TASK MATERIAL

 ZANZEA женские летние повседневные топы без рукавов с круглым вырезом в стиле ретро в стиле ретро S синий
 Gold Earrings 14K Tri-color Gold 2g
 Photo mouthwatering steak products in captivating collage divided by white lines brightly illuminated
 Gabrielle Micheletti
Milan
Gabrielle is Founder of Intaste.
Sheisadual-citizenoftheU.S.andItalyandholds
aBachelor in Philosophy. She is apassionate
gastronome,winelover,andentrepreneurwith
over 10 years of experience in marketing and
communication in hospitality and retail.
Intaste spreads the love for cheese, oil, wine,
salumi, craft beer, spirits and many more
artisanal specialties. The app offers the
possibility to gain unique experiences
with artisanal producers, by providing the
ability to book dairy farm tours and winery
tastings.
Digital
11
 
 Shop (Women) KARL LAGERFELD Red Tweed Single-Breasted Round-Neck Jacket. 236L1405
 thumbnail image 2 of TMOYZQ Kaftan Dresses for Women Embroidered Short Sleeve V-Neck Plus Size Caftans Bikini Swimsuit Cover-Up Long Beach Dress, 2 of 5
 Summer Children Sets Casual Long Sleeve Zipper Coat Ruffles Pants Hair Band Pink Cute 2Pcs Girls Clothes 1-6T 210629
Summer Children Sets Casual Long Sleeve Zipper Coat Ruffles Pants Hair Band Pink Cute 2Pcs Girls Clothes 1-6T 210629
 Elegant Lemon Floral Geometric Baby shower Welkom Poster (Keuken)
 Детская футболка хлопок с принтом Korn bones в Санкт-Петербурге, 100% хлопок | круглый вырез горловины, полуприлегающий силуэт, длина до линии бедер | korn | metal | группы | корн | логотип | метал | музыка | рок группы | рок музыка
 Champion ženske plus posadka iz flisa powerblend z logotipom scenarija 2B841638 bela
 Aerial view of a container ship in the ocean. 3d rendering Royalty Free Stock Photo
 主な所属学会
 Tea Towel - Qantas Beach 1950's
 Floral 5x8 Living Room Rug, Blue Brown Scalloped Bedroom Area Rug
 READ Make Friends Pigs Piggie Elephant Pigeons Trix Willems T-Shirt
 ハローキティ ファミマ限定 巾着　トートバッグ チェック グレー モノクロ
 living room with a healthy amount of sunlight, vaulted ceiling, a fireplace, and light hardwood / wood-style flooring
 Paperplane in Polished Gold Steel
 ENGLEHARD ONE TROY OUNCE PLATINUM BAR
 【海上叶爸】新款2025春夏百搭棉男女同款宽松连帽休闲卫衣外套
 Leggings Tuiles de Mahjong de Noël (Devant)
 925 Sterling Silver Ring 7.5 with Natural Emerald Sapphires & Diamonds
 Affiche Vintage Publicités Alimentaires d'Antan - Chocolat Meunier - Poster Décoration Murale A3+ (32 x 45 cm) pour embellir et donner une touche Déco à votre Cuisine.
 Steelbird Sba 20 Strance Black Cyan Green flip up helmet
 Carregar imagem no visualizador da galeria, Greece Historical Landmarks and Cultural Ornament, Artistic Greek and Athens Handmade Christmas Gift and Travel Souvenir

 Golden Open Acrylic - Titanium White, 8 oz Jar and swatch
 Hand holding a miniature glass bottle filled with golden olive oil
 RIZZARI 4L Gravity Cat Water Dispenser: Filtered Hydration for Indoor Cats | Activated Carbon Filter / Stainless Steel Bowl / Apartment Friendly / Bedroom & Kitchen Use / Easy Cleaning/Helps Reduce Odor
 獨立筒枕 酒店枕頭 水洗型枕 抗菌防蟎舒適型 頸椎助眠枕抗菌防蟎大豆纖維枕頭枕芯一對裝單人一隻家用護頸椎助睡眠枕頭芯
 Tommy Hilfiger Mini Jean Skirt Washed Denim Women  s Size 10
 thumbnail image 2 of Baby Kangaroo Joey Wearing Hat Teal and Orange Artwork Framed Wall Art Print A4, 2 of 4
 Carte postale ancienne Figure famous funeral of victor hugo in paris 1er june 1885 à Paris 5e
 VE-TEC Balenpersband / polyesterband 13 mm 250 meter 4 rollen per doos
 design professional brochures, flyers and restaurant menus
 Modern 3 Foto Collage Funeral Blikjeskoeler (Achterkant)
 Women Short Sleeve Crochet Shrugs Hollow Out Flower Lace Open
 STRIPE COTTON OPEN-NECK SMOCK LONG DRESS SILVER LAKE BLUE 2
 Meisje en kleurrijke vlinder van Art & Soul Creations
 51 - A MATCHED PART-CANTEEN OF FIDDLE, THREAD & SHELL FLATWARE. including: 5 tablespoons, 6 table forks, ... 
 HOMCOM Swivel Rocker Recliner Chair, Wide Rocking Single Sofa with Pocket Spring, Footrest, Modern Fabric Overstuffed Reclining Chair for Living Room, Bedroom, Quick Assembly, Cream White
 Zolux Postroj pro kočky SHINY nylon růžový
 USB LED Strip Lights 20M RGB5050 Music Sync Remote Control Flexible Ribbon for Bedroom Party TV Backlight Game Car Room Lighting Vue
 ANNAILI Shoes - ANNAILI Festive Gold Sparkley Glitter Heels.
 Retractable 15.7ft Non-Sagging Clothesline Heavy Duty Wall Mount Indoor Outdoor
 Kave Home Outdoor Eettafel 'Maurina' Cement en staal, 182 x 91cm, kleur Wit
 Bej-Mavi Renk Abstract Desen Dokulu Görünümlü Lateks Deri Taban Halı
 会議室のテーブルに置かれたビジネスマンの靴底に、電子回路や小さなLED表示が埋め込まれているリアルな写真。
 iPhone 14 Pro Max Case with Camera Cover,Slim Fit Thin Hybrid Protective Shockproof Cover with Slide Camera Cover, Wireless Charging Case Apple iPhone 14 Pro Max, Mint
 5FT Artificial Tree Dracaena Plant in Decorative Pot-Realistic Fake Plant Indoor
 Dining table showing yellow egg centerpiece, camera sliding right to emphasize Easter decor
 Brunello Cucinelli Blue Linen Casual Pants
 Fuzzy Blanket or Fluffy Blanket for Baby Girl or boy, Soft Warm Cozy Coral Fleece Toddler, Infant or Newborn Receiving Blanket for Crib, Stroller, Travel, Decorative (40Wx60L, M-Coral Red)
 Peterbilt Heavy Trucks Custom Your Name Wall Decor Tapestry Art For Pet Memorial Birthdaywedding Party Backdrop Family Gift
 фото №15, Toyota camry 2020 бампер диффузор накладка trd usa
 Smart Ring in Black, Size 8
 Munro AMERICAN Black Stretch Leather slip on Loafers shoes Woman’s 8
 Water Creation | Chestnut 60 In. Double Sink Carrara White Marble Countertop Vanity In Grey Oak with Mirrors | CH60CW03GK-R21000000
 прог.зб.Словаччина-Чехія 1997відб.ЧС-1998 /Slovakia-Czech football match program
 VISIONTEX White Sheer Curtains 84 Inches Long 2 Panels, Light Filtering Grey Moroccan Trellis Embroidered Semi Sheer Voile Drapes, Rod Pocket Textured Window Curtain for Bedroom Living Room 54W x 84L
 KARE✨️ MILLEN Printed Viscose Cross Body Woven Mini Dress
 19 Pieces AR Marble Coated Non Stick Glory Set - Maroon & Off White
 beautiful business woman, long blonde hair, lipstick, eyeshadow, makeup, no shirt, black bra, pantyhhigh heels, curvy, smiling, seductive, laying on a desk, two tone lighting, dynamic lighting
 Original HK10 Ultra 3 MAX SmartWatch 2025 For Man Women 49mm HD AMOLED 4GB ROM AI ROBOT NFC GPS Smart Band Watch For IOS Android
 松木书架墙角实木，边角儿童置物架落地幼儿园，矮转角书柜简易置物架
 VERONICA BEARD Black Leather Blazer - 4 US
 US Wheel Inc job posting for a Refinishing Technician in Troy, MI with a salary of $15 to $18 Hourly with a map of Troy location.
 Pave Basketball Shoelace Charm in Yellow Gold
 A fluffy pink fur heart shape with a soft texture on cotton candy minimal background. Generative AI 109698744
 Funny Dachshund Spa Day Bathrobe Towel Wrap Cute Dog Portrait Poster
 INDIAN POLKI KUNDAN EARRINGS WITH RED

REQUIRED ACTION
How many lines in this material contain the string "Wall"? Only the number is wanted.

RESULT OF THE EXERCISE
3